100 percent fruit juices aren’t as healthy as you thought

October 15, 2015
Courtesy of Pixabay User StockSnap
Although 100 percent fruit juices like apple juice and orange juice might seem healthy, looks can be deceiving. [Image Credit: Pixabay User StockSnap]

Apples are the favorite fruit of America’s children, according to a new study. But even though apples are the most popular fruit, it is not the most popular source of fruit.

Fruit juices actually account for 34 percent of total fruit intake, while whole apples only make up 20 percent. And even though apples are the more popular fruit, citrus juices (especially orange juice) are more popular than apple juice, contributing about 15 percent of total fruit consumption. Apple juice is responsible for just 9 percent. Younger children consumed more juices than older children.

Despite the popularity of fruit juices, they aren’t a substitute for the real thing. Even the 100 percent fruit juices used in the study, which are made solely from the juice of natural fruits and have no added sweeteners or preservatives, pose a potential health risk. There’s no sugar added, but 100 percent fruit juices are high in natural sugar. And they don’t have any of the fiber whole fruit provides. The fiber in fruit is what makes it so filling, and so healthy. Without the fiber and only the sugar found in whole fruit, fruit juices aren’t actually that healthy.

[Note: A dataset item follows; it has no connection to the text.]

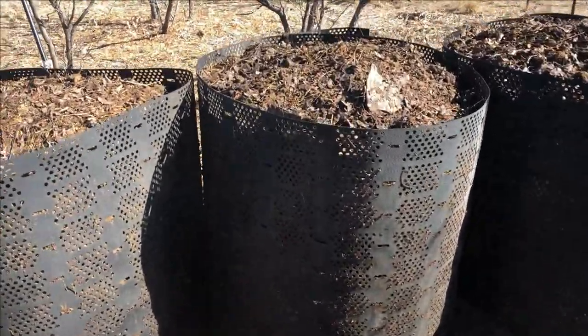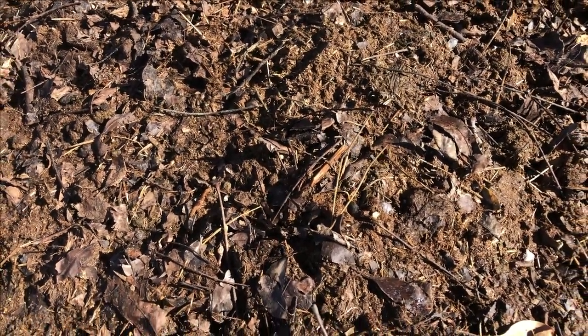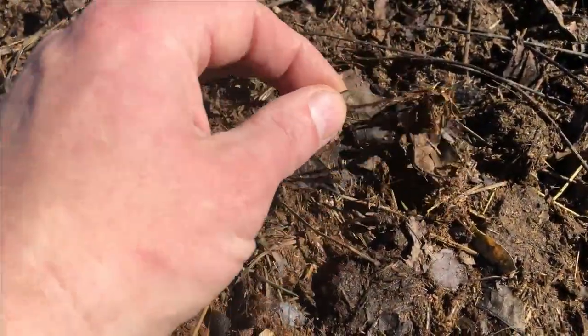The materials definitely look a little bit more broken down than the last time I turned the pile. I'll give another update later on after the pile cools off again. Thanks for watching.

Parents trying to set a healthy example for their children should swap the apple juice out of their child’s lunch and replace it with a piece of fruit — and a water bottle if they need something to drink. Another option is making “homemade juice” by putting whole fruit into a blender — that way, you can still drink your fruit but without losing all of the benefits of fiber.

Given the obesity epidemic in America’s children, it is intriguing that consumption levels for fruit are on the rise. And previous studies do suggest that drinking fruit juice instead of eating whole fruit increases your risk of obesity. The message seems clear: Even though fruit juice comes from fruit, it’s not the same.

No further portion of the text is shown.